= Fran Smith (publicist) =

Francis E. Smith (May 28, 1923 – November 24, 2002) was an American publicist and journalist who was the public relations director for the Detroit Pistons and Windsor Raceway and a sportswriter for the Detroit Times.

==Early life==
Smith was a native of Mount Clemens, Michigan. He served in the United States Army during World War II and studied journalism at the University of Michigan following his discharge. He spent six years as the sports editor of the Mount Clemens Daily Monitor Leader and covered high school and college football and basketball for the Detroit Times from 1952 to 1957.

Smith was named publicity director of the National Basketball Association's Detroit Pistons shortly after the team relocated from Fort Wayne, Indiana. In January 1961 he was promoted to director of staff. Smith was responsible for the NBA's first high school draftee when the Pistons selected Reggie Harding, who had graduated from high school but did not enroll in a college, in the 1962 NBA draft. Smith left the Pistons on August 1, 1965, to work for Lou Van's Men's Store in Mount Clemens.

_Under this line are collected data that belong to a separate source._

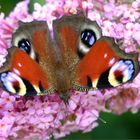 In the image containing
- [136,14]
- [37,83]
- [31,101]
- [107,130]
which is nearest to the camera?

In 1966, Smith became the director of public relations of Windsor Raceway. He was let go after the 1966–67 racing season. In 1968, Smith purchased two Grand Rapids area newspapers – the Lowell Ledger and Ada Suburban Life. He was rehired at Windsor Raceway in 1970. In addition to serving as the track's public relations director, Smith also co-hosted the televised replay of the track's race card on CKLW-TV He also worked as advertising and public relations consultant for Maywood Park and Northfield Park. Smith left Windsor Raceway in 1978 and worked for the Anthony Franco public relations firm in Detroit. He later held public relations positions at Northfield Park (1979), Painesville Raceway (1979–80), and Liberty Bell Park Racetrack (1980–81).

==Personal life==
Smith and his wife, Betty, had eleven children and resided in Mount Clemens. He died on November 24, 2002, at Port Huron Hospital following a brief illness.